“Yeah, 6 a.m.!” Most people I know haven’t even had a sip of their first coffee and I’m here, with a man shouting in my ear, as I wait to board a party boat docked on the Hudson River. From the line, I can see the dance floor is already jammed with costumed revelers swilling coconut water and eating tiny yogurt parfaits. By the time I am on board, I’m just one of around 1,000 people here for some pre-sunrise revelry. I immediately regret coming to this event alone.
I am here to witness a trend I’ve been hearing about for some time: sober clubbing events that begin and end before the average person’s workday even starts, allowing the health conscious to get in a workout without the alcohol and drugs that fuel many nights at a club. This particular event—there are a few companies throwing early-morning parties each month in New York—is hosted by Daybreaker, which was founded in 2013 by entrepreneurs Radha Agrawal and Matthew Brimer. It’s since spread to 10 cities including Austin, London and Tel Aviv with plans to soon launch in Paris, Miami and Toronto. Daybreaker charges $25-35 a ticket for the event, and is sponsored by several food, beverage, wellness and lifestyle brands. Another company called Morning Gloryville, which started in London, offers a similar early morning dance party with yoga, free massages and coffee for around $20-25.
Daybreaker isn’t just a more time-intensive way to get in a morning workout, though. In practice, it look more like a rave than a trip to the gym. There are neon costumes and colorful wigs. People are dancing and body surfing and flirting with one another. It feels like a club, it’s hot like a club, and over time, it begins to smell like one too. The crowd is mostly white, late-20 and early-30 somethings, and seemingly employed.
“It’s better than coffee,” Muriel Lenoir, a partygoer tells me. She heard about Daybreaker from a friend, who heard about it from another friend. “I love the vibe and the energy.”
“Energy” and “vibe” are words you hear a lot at events like this. At some point, a man wielding a microphone instructs the crowd: “Close your eyes, put your hands in the air, and feel the vibration. They say that freedom isn’t free,” he continues, “but understand that is a lie. You are born free,” he said. The crowd whoops and cheers.

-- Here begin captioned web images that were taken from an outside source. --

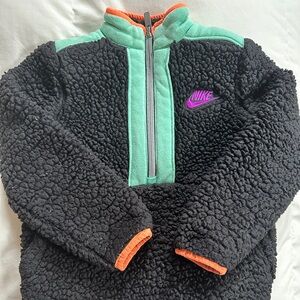 Kids Nike Retro ‘72 Fleece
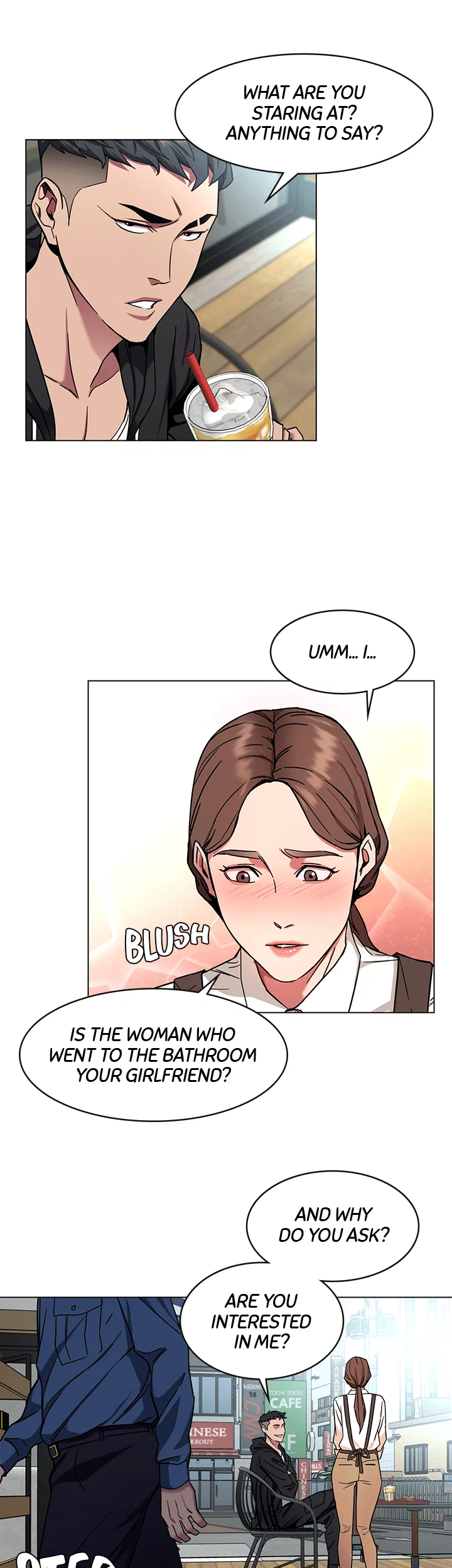 ONE KILL Chapter 16 image 26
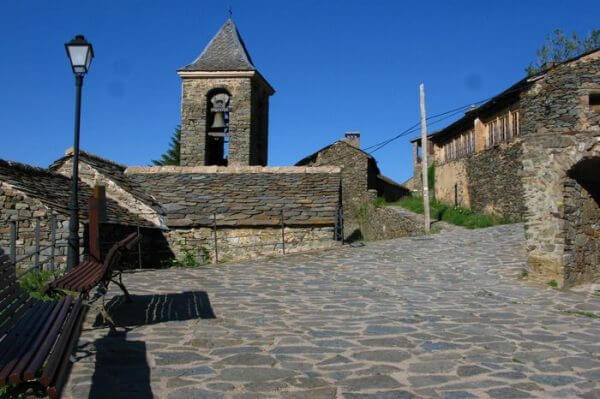 Most beautiful towns and villages in the Pyrenees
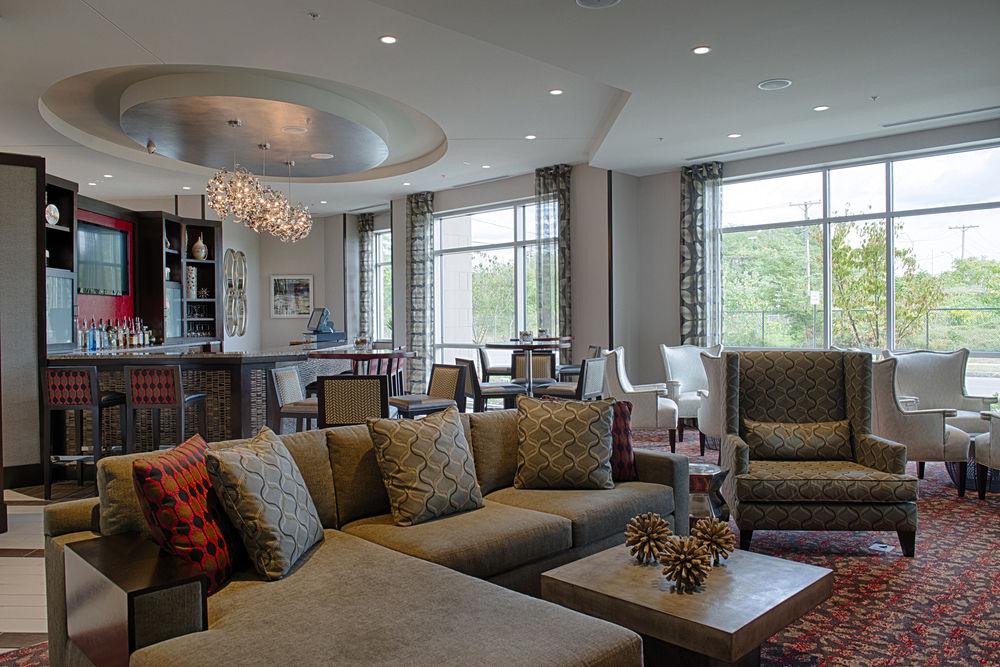 Residence Inn By Marriott Boston Logan Airport/צ'לסי מראה חיצוני תמונה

After making my rounds on the double-decker boat, I take a break in quieter area at the back of the boat away from the dance floor. There are women dressed as bunnies giving out samples of Organic Valley yogurt. The bar in the quiet room is stocked with boutique-brand beverages like Runa, Sound Tea, Core Water, Agua Enerviva and Chameleon Cold Brew. In the corner a women sits with her hands on her lap and her eyes closed.

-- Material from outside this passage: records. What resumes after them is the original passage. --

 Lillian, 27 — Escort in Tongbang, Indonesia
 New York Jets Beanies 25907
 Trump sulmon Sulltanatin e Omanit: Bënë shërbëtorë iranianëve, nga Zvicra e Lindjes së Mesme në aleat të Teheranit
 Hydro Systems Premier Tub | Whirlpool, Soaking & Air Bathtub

“Are you sleeping?” A guy pokes her.
“I’m meditating,” she responds.
After drinking two coffees and deciding against something called a “chia squeeze” (think Go-Gurt, but with chia seeds), I decide it’s time to embed myself on the dance floor. Though a couple is making out a little too close to my face, I notice that I do, in fact, have a pleasant buzzy feeling that isn’t the result of alcohol. A man in a bright blue business suit—I think it was a costume, but I am not totally sure—holds his arms out as he approaches me, shimmying his shoulders and raising his eyebrows. It turns out, men will still creep on you even if the bar is only serving flavored water and tea. As I maneuvered away from him I passed a woman in a purple wig vomiting into a trash can, likely sea sick.
As the clock approaches 8:30 a.m., the music quiets and we’re all asked to take a seat on the floor. A woman next to me moves through some yoga poses until she’s in a headstand. A man onstage recites a poem that somehow includes “avocado toast” in one of the rhymes. A songwriter tells stories about her Ukrainian Jewish mother. Then, everyone is invited to hold hands for a guided meditation.
That’s when I decide it’s time for me to throw in the towel. There’s a reason I’ve never been to a real rave or to Burning Man. I’m a bigger fan of personal space than I am of peace, love and chia seeds. I duck into a bathroom to change out of my workout wear and head to work. I’m not sure I felt any more “free,” but I certainly felt ready to start my day—on solid ground.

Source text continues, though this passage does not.